◆ Information provided ◆
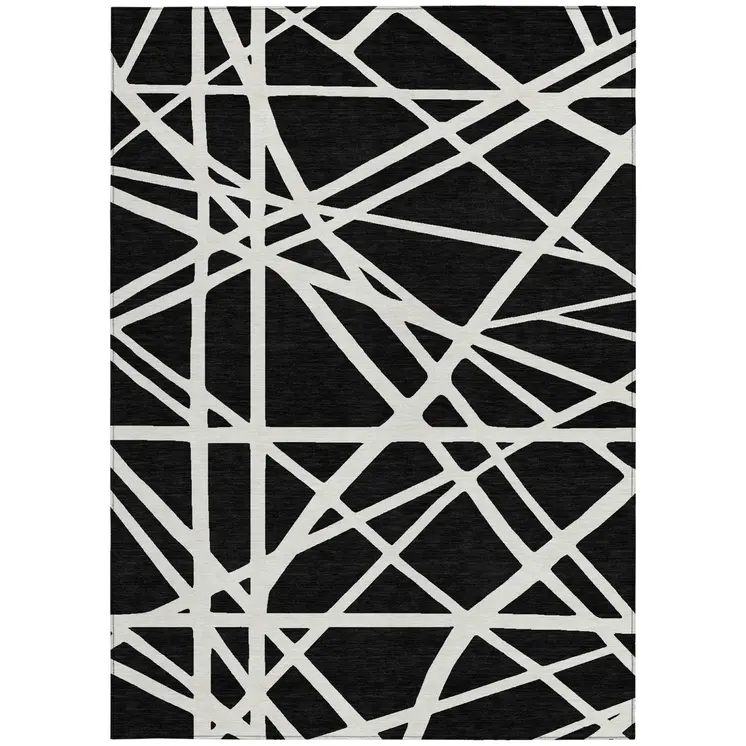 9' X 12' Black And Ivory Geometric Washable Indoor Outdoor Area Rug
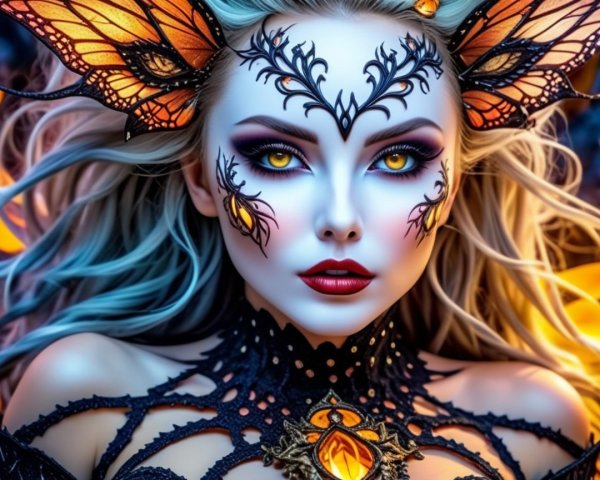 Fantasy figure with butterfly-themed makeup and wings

--

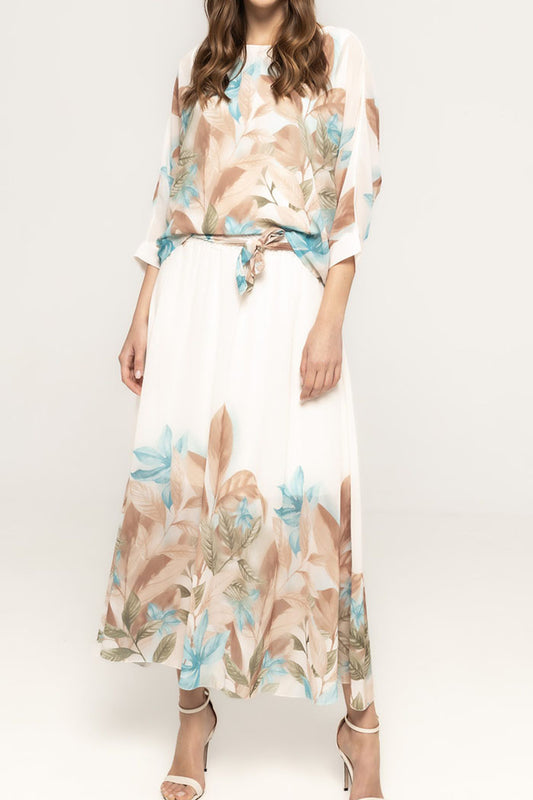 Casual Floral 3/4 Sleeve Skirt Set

◆ How to complete this task ◆
Could you write out exactly the lines of the data above that run from the one holding "9' X 12' Black" to the one holding "Fantasy figure with", with both ends in and all pictures out?

◆ Written answer ◆
 9' X 12' Black And Ivory Geometric Washable Indoor Outdoor Area Rug
 Fantasy figure with butterfly-themed makeup and wings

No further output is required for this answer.